Power is one of the most abstract concepts that is frequently used in politics and development without much contestation. Power is generally conceived as a negative force of exploitation and subjugation. This suggests that those who hold power have an inherent tendency to be unaccountable, corrupt and brutal.

We generally use a popular phrase: ‘power corrupts and absolute power corrupts absolutely’. Thus, in its simplest popular perspective power is the ability of a person, entity or institution to influence or subjugate the actions of others or to coerce others to submit to one’s desires.

More specifically it is about money, political influence, physical strength and knowledge to subdue those who do not have all this. Ironically, power is so attractive that everyone aspires to be powerful in some way or the other and it seems as if the purpose of life is all about the struggle to gain absolute power. In this sense, power is all about exercising unrestrained freedom and attaining social and political recognition despite all the negativity associated with it.

Dictators and autocrats exercise their power out of fear to preempt public anger rather than a choice to enjoy unrestrained freedom

However, this popular connotation of power is not well grounded and, therefore, it needs to be deconstructed to understand the nature and functionality of power in the real world. Or simply we need to analyze various aspects and dimensions of what constitutes being powerful. In the real world, power is a dynamic force that reveals itself through human actions regulated by institutional structures and it is restrained by the fear rather than belligerence. Dictators and autocrats exercise their power out of fear to preempt public anger rather than a choice to enjoy unrestrained freedom. Autocratic regimes are weaker than democratic governments where power is exercised as a choice with relatively less fear of public anger.

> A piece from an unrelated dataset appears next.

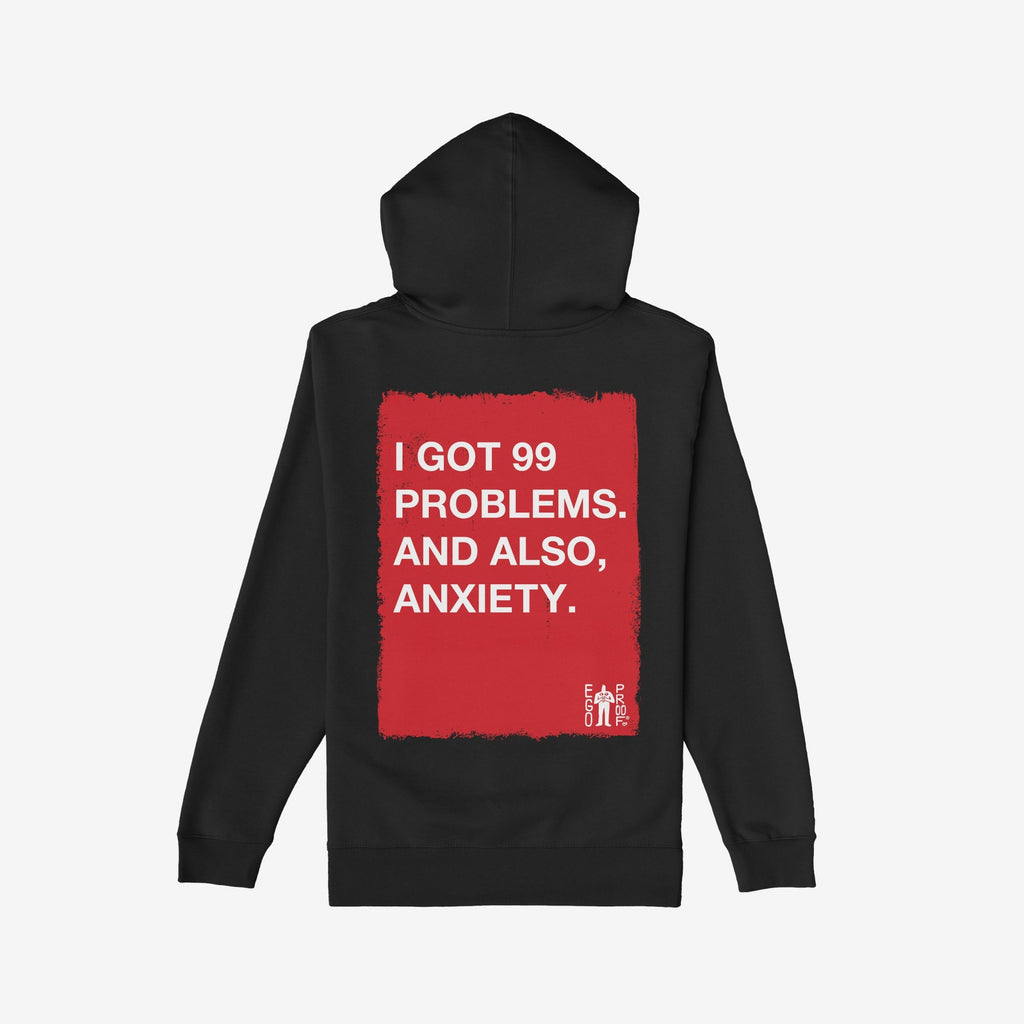The 99 Problems Hoodie showcases a striking red rectangle with bold white text on the back, humorously highlighting life's challenges. A subtle EGO PROOF. logo adds a rebellious touch.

Dictators cannot hold their position for a longer period with peace and harmony because they face popular uprisings. However, uprisings against dictatorial regimes can also lead to revolutions and qualitative transformation of societies. Democracies survive the political crisis because of their ability to rule with popular consent rather than coercion. Democratic governments are less likely to be dislodged by popular uprisings as they have the flexibility to offer a power-sharing programme to minimize political conflict between the rulers and the ruled.

Power in this sense is the ability of a human agency to act to attain collective good rather than ensuring individual freedoms. The freedom of individuals is ascertained only through collective action to transform human society for the betterment of the majority. Even within the institutional structures that regulate the exercise of power human agency strives to express its potential to transform such institutions for a larger goal of reforms and long-term change. However, this expression of power by human agency is not driven by the individualistic appetite for absolute freedom but for a larger goal to transform institutions for an altruistic cause of collective good.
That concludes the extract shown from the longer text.